Task material:
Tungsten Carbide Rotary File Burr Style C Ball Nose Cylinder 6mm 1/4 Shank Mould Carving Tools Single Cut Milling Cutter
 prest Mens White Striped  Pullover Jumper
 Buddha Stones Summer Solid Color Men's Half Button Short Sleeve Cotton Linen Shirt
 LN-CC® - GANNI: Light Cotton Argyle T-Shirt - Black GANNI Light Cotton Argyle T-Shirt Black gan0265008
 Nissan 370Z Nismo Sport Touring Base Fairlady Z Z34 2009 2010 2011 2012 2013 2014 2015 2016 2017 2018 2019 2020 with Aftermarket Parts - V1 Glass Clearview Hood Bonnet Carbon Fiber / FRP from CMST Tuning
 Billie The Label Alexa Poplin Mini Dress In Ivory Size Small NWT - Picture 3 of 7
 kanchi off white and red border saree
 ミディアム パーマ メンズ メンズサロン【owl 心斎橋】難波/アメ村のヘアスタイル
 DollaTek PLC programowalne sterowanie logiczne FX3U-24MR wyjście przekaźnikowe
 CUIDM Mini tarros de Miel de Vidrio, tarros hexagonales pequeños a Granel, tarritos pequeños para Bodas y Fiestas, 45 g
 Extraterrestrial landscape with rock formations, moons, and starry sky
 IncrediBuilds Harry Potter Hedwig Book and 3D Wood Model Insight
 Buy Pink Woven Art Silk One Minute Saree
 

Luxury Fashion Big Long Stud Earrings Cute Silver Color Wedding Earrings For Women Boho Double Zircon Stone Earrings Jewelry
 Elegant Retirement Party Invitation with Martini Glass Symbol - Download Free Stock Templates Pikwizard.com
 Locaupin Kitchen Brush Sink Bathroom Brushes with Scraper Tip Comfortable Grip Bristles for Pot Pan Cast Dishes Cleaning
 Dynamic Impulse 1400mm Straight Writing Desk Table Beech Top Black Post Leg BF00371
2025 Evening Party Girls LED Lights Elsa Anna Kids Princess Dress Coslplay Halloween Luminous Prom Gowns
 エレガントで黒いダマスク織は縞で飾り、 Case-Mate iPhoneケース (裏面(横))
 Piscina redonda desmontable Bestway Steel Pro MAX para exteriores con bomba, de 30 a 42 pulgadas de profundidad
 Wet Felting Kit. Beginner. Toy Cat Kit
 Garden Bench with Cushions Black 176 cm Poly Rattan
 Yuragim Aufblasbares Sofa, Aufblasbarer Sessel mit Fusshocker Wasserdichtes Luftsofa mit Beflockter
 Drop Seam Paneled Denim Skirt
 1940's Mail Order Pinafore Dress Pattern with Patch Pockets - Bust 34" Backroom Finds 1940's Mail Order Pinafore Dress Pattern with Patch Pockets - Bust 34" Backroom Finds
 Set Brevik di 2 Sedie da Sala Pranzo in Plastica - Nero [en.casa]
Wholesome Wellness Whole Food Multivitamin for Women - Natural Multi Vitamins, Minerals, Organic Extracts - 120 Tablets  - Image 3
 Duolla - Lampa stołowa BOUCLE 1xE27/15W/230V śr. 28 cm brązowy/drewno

Exercise:
Return the lines of the listing where the string "Cotton" appears.

The answer:
 Buddha Stones Summer Solid Color Men's Half Button Short Sleeve Cotton Linen Shirt
 LN-CC® - GANNI: Light Cotton Argyle T-Shirt - Black GANNI Light Cotton Argyle T-Shirt Black gan0265008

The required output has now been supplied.